Un tel départ dans le hasard, un tel appareillage pour l’inconnu, la mise en communication périlleuse et vaillante avec le public, voilà ce que quelques-uns souhaitaient depuis longtemps pour Rollinat. Il se trouve qu’ils ont eu raison. La certitude s’est faite que son piano et sa voix, à lui Rollinat, ne constituaient pas tout son art. On s’est enfin aperçu que cet art existait par lui-même, et qu’il y avait un poète sous l’acteur, un musicien sous le chanteur, une pensée sous les paroles, un rythme sous les douceurs, les mélancolies et les cris passionnés de la voix.

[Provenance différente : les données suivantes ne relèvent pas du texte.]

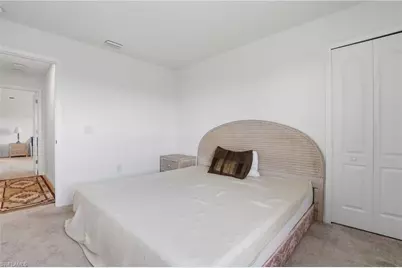 11937 Silver Cobblestone Way, Fort Myers, FL 33913 - Photo 25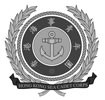 Hong Kong Sea Cadet Corps 香港海事青年團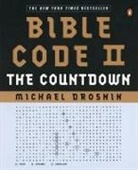 Michael Drosnin - Bible Code II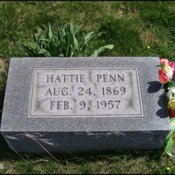 penn-hattie-tomb-mt-joy-cem.jpg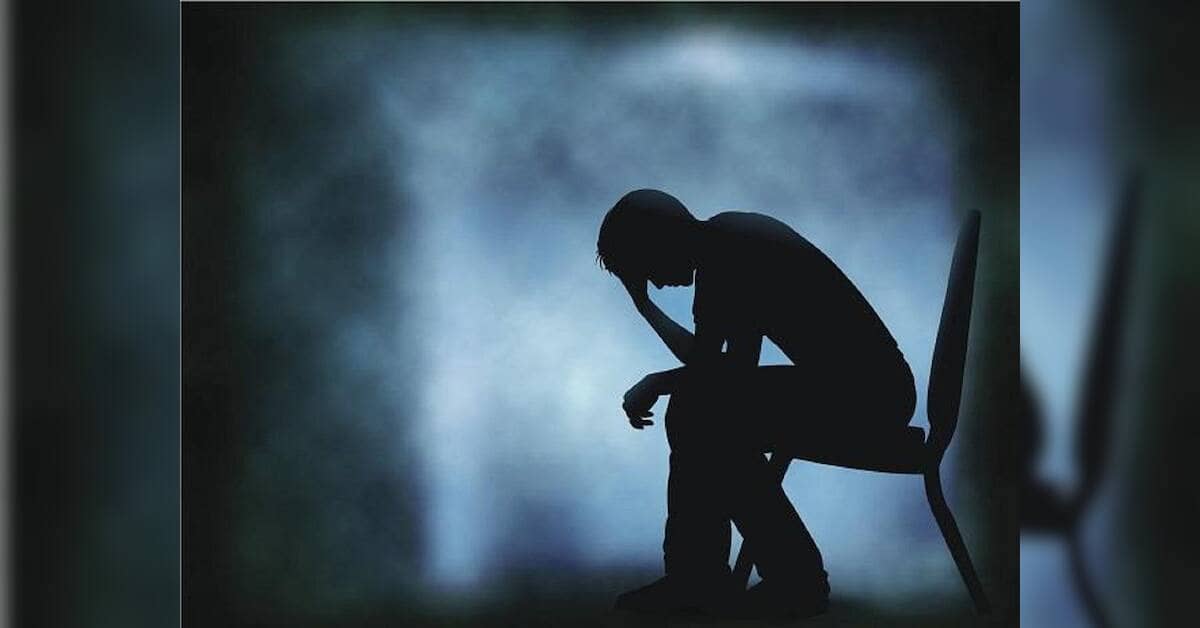 Global universities adopt infrastructure changes to address student suicide crisis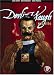 Book Devlin Waugh: Red Tide - Volume 2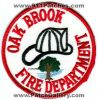Oak_Brook_Fire_Department_Patch_Illinois_Patches_ILFr.jpg
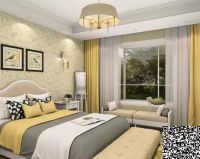 爱福窝与海尔集团展开全面合作，智慧家居正式启动！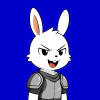 rabbits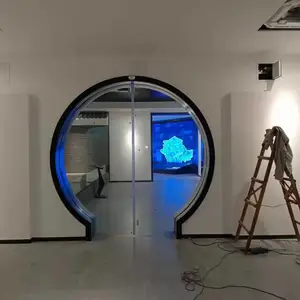 ����Խ���Զ���Ӧ�ţ���������ָ�Ƶ綯���ţ�Խ��綯��Ӧ�Ż�����
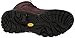 Vasque Women's Eriksson Gore-Tex Hiking Boot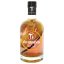 Ti Arrangés de Ceď Mango Passion Rhum 0,7l 32%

Et comment les choses seraient-elles autrement ? Il aurait été impossible à Rollinat de fanatiser les auditoires qu’il a eus avec les seules qualités physiques de l’expression du visage et de la puissance de la voix. S’il n’y avait eu qu’une matérialité de moyens mise au service de rien, ceux qui auraient été pris et étonnés une fois n’y auraient pas été repris. Ils auraient regretté leur étonnement, ou tout au moins ils auraient passé outre. Mais non, ils ont été des captifs et des fanatiques de leur impression première. Ils n’ont pas eu de repos qu’ils ne l’aient eu renouvelée, ils n’en ont jamais été lassés.

On pourrait en appeler au témoignage que Barbey d’Aurevilly a laissé de son émotion en de nobles et belles pages. On en a appelé à Daudet, qui a répondu, et chez combien d’autres ne trouverait-on pas le même souvenir despotique ! Chez des écrivains, des savants, des philosophes, chez des musiciens aussi, et chez tant de femmes qui n’ont pas à manifester pour des opinions, à certifier de leurs joies d’esprit, de leurs troubles de cœur, mais qui ont gardé la sensation intacte, au profond de leur âme silencieuse, derrière leurs yeux de rêve.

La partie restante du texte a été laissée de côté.